## Activity:
Only an exact copy of the lines beginning at the one that contains "Astronauts exploring alien" and ending at the last line of the records below counts as the answer.

[Records from a data collection]
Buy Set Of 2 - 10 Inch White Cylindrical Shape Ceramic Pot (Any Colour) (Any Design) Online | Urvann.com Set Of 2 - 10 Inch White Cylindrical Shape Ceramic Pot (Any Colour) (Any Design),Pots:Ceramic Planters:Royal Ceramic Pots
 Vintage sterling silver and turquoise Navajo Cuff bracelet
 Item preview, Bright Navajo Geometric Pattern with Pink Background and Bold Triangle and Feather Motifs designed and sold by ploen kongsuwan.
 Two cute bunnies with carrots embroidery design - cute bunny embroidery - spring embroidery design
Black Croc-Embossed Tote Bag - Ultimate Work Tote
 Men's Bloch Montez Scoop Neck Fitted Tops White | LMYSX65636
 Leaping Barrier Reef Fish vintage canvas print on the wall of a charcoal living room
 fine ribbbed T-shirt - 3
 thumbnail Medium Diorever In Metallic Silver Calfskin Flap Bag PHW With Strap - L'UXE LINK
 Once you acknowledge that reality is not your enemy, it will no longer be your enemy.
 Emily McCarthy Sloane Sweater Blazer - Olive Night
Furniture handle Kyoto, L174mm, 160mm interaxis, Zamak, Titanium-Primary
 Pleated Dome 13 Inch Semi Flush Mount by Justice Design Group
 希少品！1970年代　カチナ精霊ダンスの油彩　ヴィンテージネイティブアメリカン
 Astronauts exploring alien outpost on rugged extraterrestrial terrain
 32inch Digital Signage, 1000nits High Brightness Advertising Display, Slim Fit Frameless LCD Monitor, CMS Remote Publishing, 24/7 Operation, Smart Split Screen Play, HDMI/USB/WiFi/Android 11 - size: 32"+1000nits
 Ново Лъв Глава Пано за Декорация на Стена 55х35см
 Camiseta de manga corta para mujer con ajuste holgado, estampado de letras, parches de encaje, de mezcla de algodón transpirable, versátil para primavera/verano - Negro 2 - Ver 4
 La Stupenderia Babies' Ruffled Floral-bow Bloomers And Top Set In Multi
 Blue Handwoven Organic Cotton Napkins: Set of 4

## Response to the task:
 Astronauts exploring alien outpost on rugged extraterrestrial terrain
 32inch Digital Signage, 1000nits High Brightness Advertising Display, Slim Fit Frameless LCD Monitor, CMS Remote Publishing, 24/7 Operation, Smart Split Screen Play, HDMI/USB/WiFi/Android 11 - size: 32"+1000nits
 Ново Лъв Глава Пано за Декорация на Стена 55х35см
 Camiseta de manga corta para mujer con ajuste holgado, estampado de letras, parches de encaje, de mezcla de algodón transpirable, versátil para primavera/verano - Negro 2 - Ver 4
 La Stupenderia Babies' Ruffled Floral-bow Bloomers And Top Set In Multi
 Blue Handwoven Organic Cotton Napkins: Set of 4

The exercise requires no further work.